-- DATASET EXCERPT --

= = = = =

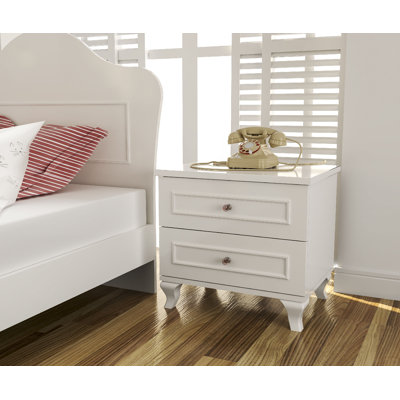Vangundy 45cm W Manufactured Wood Bedside Table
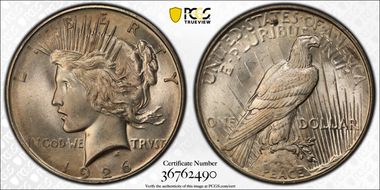 1926-D $1 MS65+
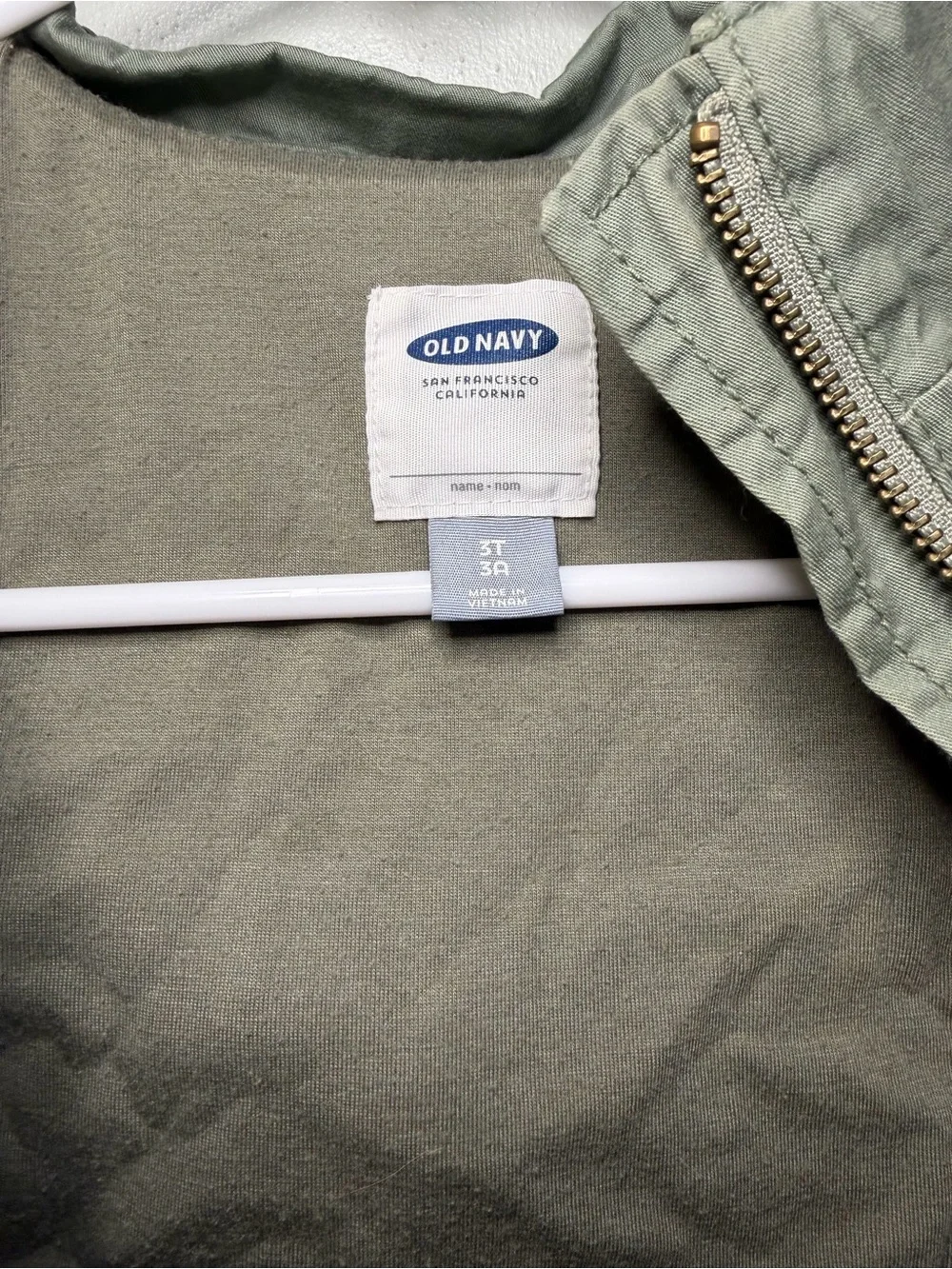 Old Navy lightweight olive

= = = = =

-- ACTIVITY --
Could you return the entire listing above verbatim while dropping each picture?

-- EXERCISE RESPONSE --
Vangundy 45cm W Manufactured Wood Bedside Table
 1926-D $1 MS65+
 Old Navy lightweight olive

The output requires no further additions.